By this time Dad had grown very respectful. To see his little Elizabeth treated like a queen, while on all sides angry women were having their best gowns pawed over and mussed; was a most wholesome lesson. He paid the thousand and odd dollars duty like a little man.
We'd been saved a lot of bother, and nobody hates a lot of bother more than Dad. So when the trunks were locked and strapped and ready to be sent to our hotel, Dad went up to the nice young man and said: "I'm Tom Middleton, from California, and this is my daughter Elizabeth. We're both very grateful to you, and if you should ever happen to come to California, I hope you'll look us up."
I never saw anybody look so pleased as the young man: "My name's Porter," he said, "Blakely Porter.
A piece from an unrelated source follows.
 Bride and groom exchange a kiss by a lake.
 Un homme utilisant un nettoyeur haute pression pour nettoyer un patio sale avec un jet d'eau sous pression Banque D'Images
If my mother were in New York I would ask if she might call on Miss Middleton, but, as it happens, she's in California, where I intend to join her, so I shall look forward to seeing you there."
Then Dad did just the right thing. "What's the use of waiting till we get to California?" he said. "Why not dine with us to-night!"
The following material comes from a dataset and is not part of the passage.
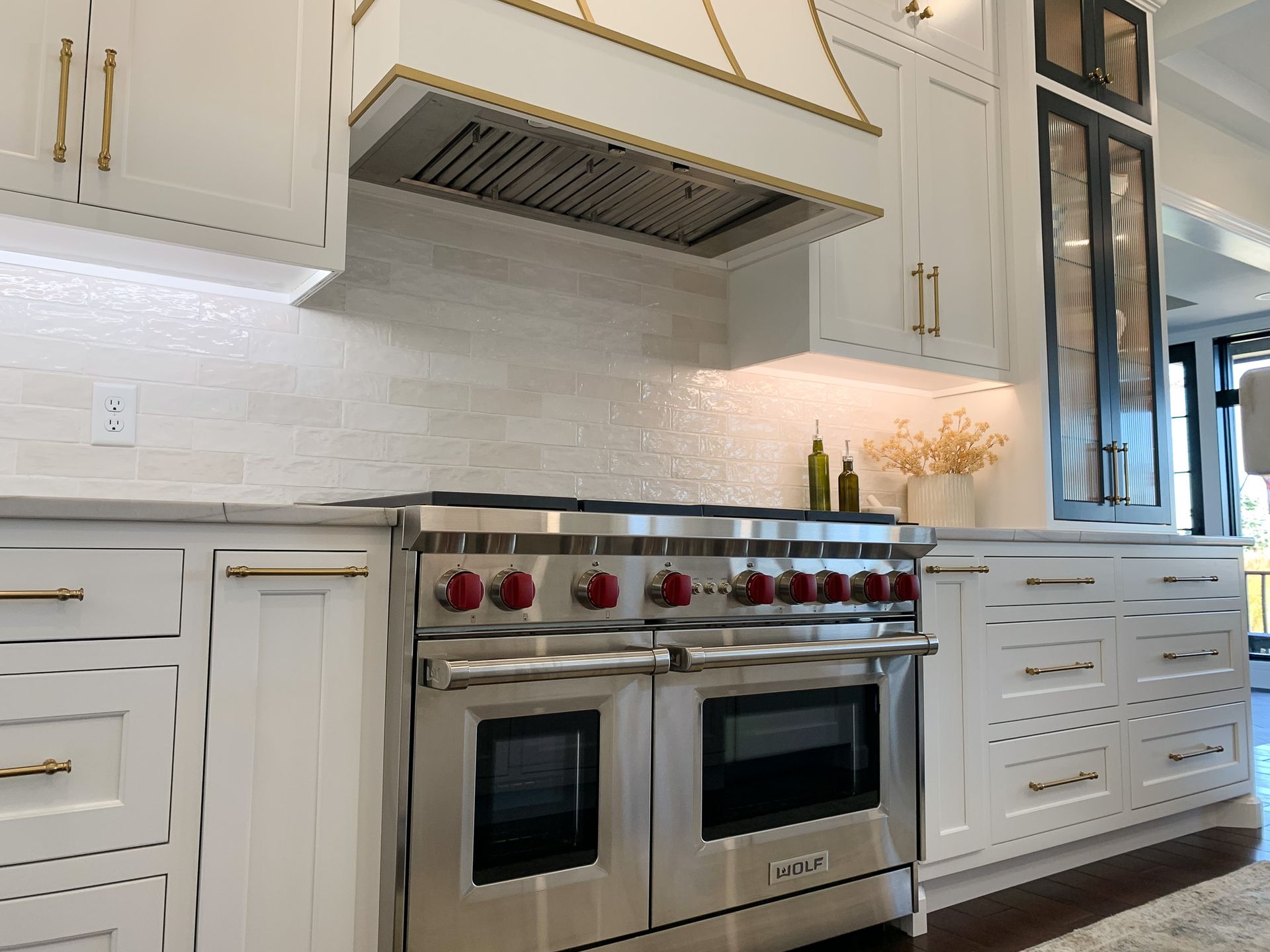 Stovetop set neatly alongside countertops.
There are people, merely conventional people, who could never appreciate the fine directness and simplicity, of Dad's nature--not if they lived to be a thousand years old. But Mr. Blakely Porter understood perfectly; I know he did, for he told me so afterwards. "It was the greatest compliment I ever had paid me in my life," he said. "Your father knew nothing about me, absolutely nothing, yet he invited me to dine with him--and you. It was splendid, splendid!"
The dear boy didn't know, perhaps, that honesty shone in his eyes, that one could not look at him and deny he was a gentleman. And, of course, I didn't enlighten him, for it is well for men, particularly, young men, to feel grateful, and the least bit humble; it keeps them from being spoiled.
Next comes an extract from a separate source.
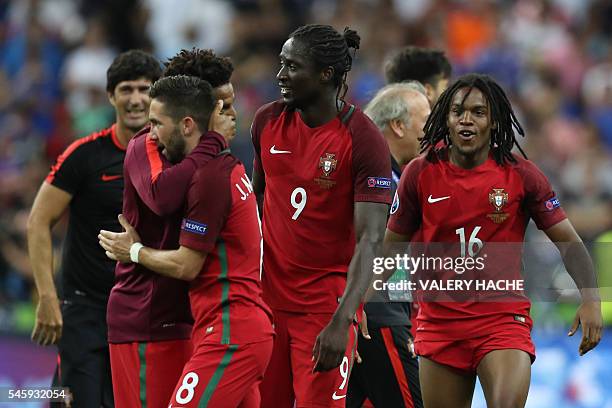 Portugal's midfielder Renato Sanches and Portugal's forward Eder celebrate after beating France during the Euro 2016 final football match at the...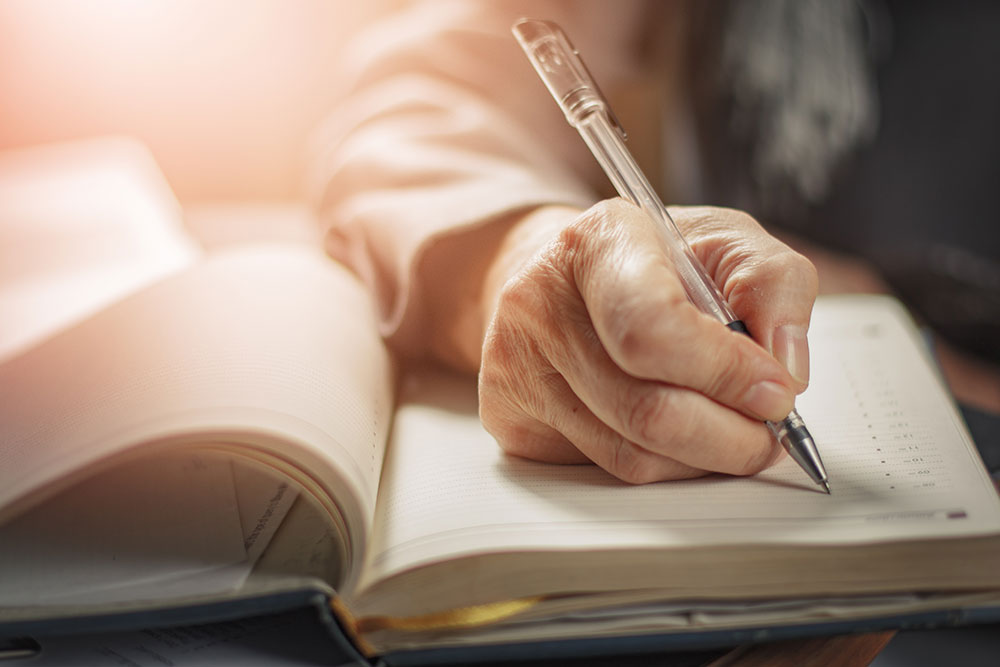 Close up of senior woman's hand writing in journal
But to return to the dinner invitation: Mr. Porter accepted it eagerly. "It is more than kind of you," he said. "My mother is away, and her house is closed. It is my first home-coming in four years, and I should have been lonely to-night."
And poor Dad, who has been lonely--oh, so lonely!--ever since Ninette died, shook hands with him, and said: "If my daughter and I can keep you from feeling lonely, we shall be so. glad. We are stopping at The Plaza, and we dine at half past seven."